After meeting at the Baldwin City Public Library for years, the council set up shop at the American Legion Hall. It was the result of an agreement between the city and the Legion last month, outlining additional usage by the city, which owns the building.
The council wanted to make the move to do away with the disruptions of people coming in and out of the library during meetings. After an adjustment to the heating system to get rid of that noise so everyone could hear, the new council site worked fine, including a place to go for executive session instead of emptying the room.
But, the new site still had old topics. The council again discussed the purchase of a new vehicle and council member Ted Brecheisen Jr. again expressed his objections. The stops signs installed this year at Eighth and Dearborn again brought a round of talks. And, the cereal malt beverage licenses for three local businesses that ran afoul with delays at the last meeting were approved.
"Three businesses applied, all three passed, licenses were issued and they were able to have them this weekend," said City Administrator Jeff Dingman.
Those were Santa Fe Market, Kwik Shop and the Salt Mine.
A motion was approved 4-1 to purchase a Ford Ranger pickup for the utility department for $13,334.50. Brecheisen voted against the measure.
"I just can't see us having a fleet of new vehicles," said Brecheisen. "I don't see why we can't save money. This is five new vehicles we've bought in the past month. We've spent $75,000 for vehicles the past month and I think that's too many for a city our size."
As in the past meetings were vehicle replacement was discussed, it came down to budgeted items and getting on a schedule so that old vehicles with hundreds of thousands of miles on them are what's left and have no trade-in value when they are finally replaced.
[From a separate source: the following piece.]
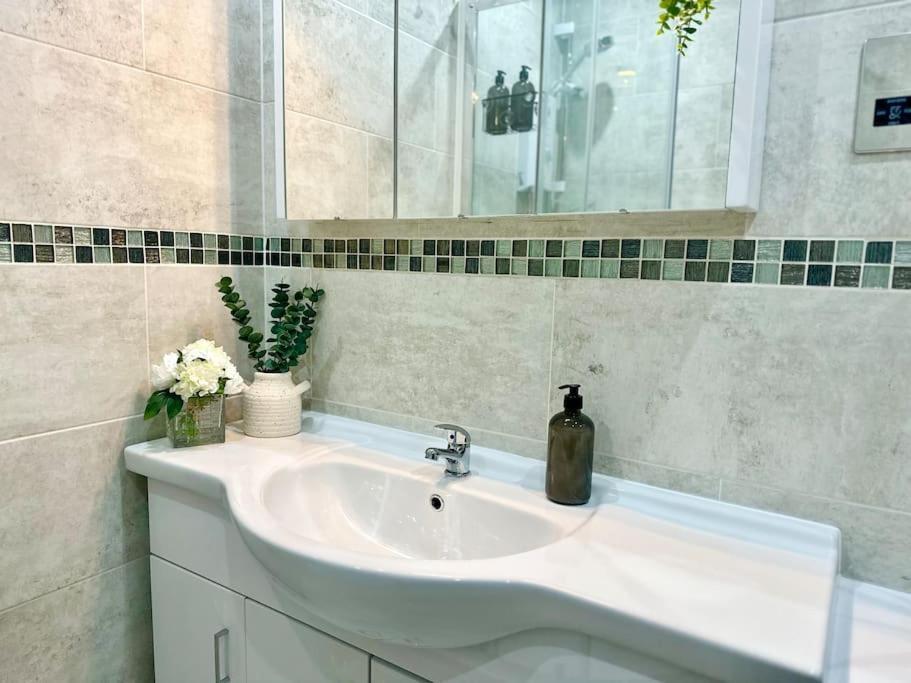 Griffin Executive Sleeps 4 With Cymru Holidays Apartment Newport (Gwent)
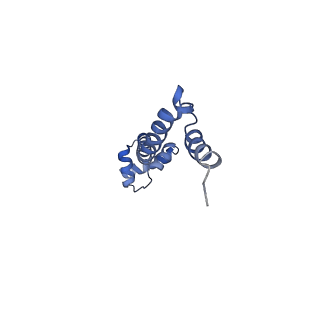 21856_6wnt_q_v1-1
50S ribosomal subunit without free 5S rRNA and perturbed PTC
"We've had several discussions about getting on a rotation so we aren't having to work on vehicles all the time," said council member Amy Cleavinger. "That is not a good use of our money. I think we have a responsibility to provide reliable vehicles."
Council member Ken Wagner also pointed to the fact, again, that the purchases were budgeted.
"I have a hard time voting against something like this when it comes to this point," said Wagner. "If it's in the budget, we should do it."
What Brecheisen wants is a reduction in utility rates instead of purchasing vehicles.
"We need to look at a half-cent reduction in our utility rates," he said.
Mayor Ken Hayes said that Brecheisen and Wagner, both members of the utility committee, can look into that idea.
"Why don't you look at the whole rate structure and see what you can come up with," Hayes said. "I think this group would look at anything."
"We'll pile over pounds of paper on it," said Wagner.
As for the stop signs, council member Nancy Brown, a member of the safety committee, reminded the council that they will be discussed by the committee at 4 p.m. Monday at the public works office. The public is invited to attend and provide opinions.
"The reason we're revisiting the stop sign issue at this time is to try and find a compromise with the need for pedestrian safety with convenience for motorists," Brown told the Signal Monday.
Some have suggested that at least the stop signs on Eighth Street be changed to yield signs. Brown wouldn't endorse that.
"I'm not willing to comment on it," she said. "We've got city staff looking at things. Until we have all the options on the table, I don't think it would be right to say anything. As far as I'm concerned, all options are open."
At Monday's meeting Cleavinger brought up her concerns about protecting younger children having to cross the highway and County Road 1055.
"Is there any reason we can't start digging on this," she said. "We talk about it and talk about it, but why don't we do something about it?"